Recientemente me he enterado de que existen infinitos universos y que esto es cosa común entre los físicos, que andan tan atareados midiendo el tamaño de las once dimensiones, -¡Sí, once!–, existentes, que no han tenido tiempo en explicarnos a los mortales semejante noticia. Ya sé yo, que tú, lector silencioso ya te olías algo así y que esta revelación mía ni te sorprende ni ten conmueve. Nada más lejos de mi intención. Ni sorpresa, ni conmoción. La noticia puede que ahora mismo sea vieja y un físico del MIT ya sepa que alguna de las infinitas Branas entre las que se creó el Big Bang es sensiblemente parecida a la nuestra, con su característica forma globulosa y que aunque no podamos visitarla por no disponer de la adecuada herramienta interbránica, existe de manera autónoma a nosotros mismos. La realidad es tan tozuda que lo es.

«El conocimiento se comparte, no se vende» y los físicos están en deuda, como los psiquiatras que hace tiempo que saben que el viaje interior, la reflexión sobre el yo es tan estéril como las plataneras en el Guadarrama.
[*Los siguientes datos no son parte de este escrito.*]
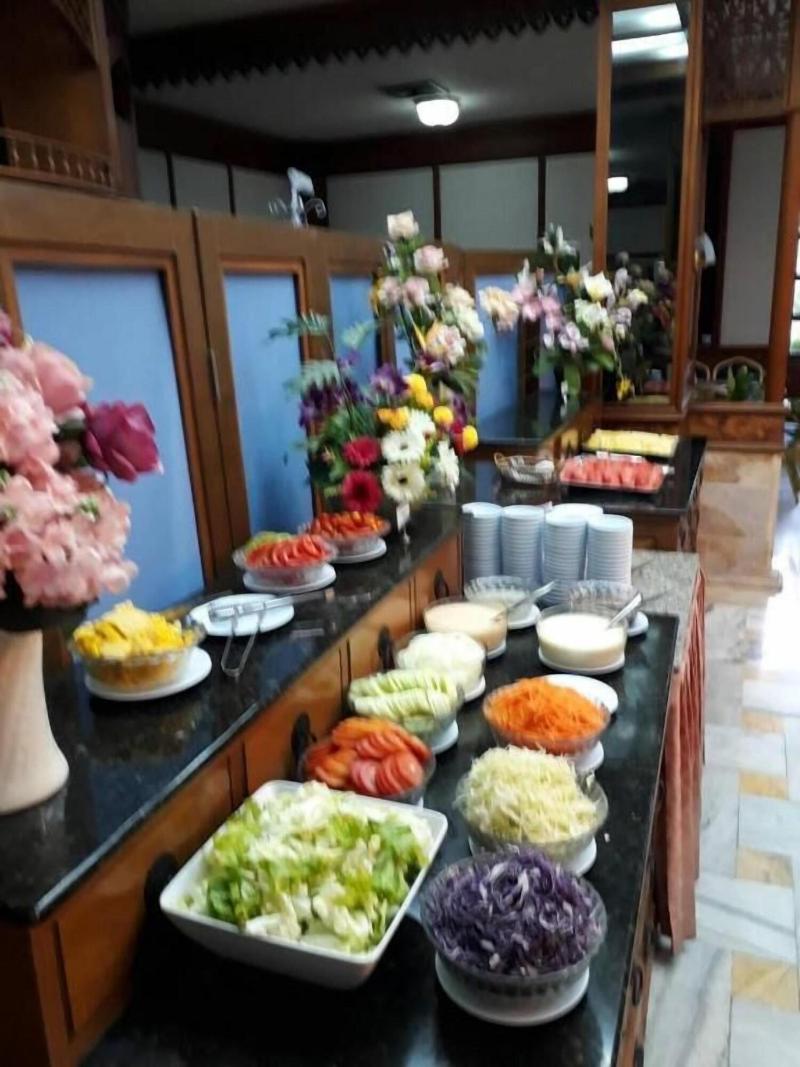 Royal Twins Palace - Restoran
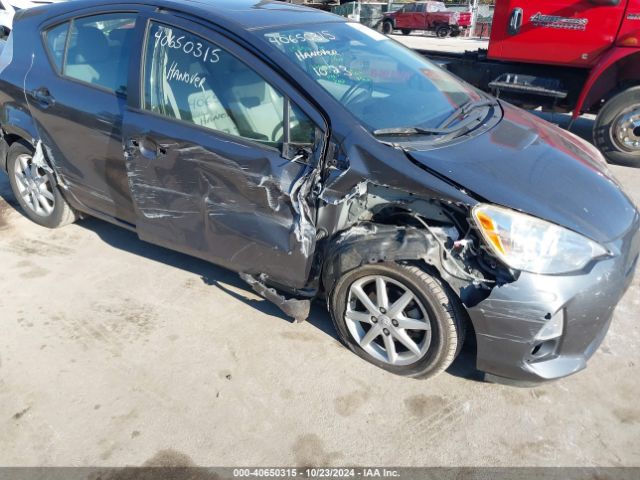JTDKDTB32E1069148 Toyota Prius C Four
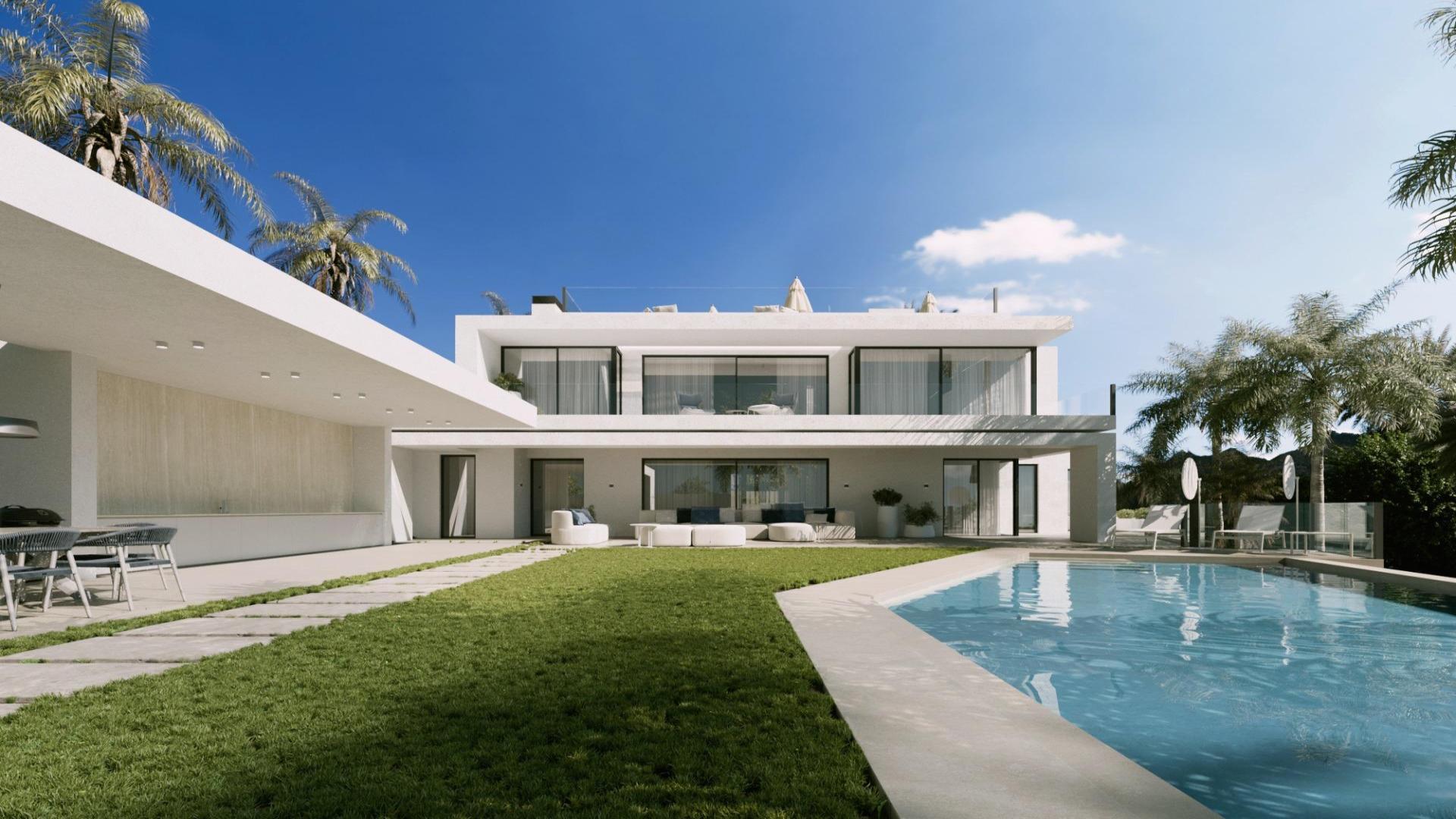 Luxury 6-bed villa with pool and garden in Cascada de Camoján, Marbella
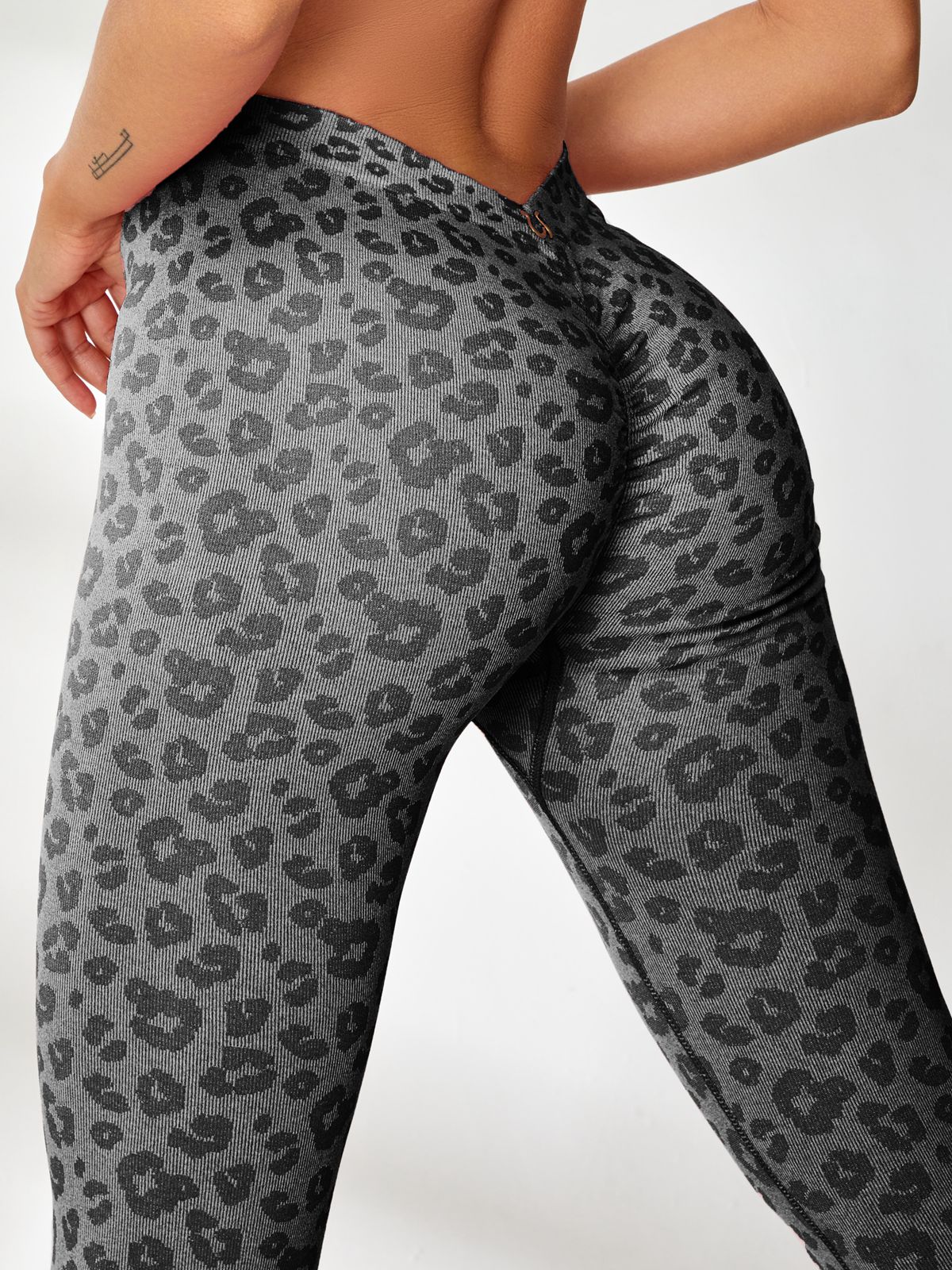 Zinnia Leopard Print V Booty Sculpting Leggings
Nada que no dependa de pequeñas cantidades de hormonas, algunas moléculas como el cloro o del perfecto recubrimiento de grasa del axón de una neurona, es nuestra propia definición del yo íntimo. A Johari le faltó la ventana del yo químico para cuadrar el círculo o una de esas once pequeñas dimensiones en las que vivimos en absoluta ignorancia.

Claro que luego está lo del día a día, la pequeña y babosa miseria de quien con el poder que la vida le ha dado ejerce de reyezuelo. Él tampoco sabe que hay más branas y que su ira y su miedo, caras de su personalidad, tienen que ver con la testosterona y yo, mientras, me quedo pensando en que cada vez que asimilo un libro, como lo fue De la tierra plana a los quasars de Asimov o más recientemente El universo Elegante de Brian Green pierdo paso con ellos, los que saben.

Algún ocurrente dice que el colisionador de hadrones es el mayor microscopio jamás construido y el mayor telescopio de la humanidad.

La pena es que lo mismo está mirando al sitio equivocado.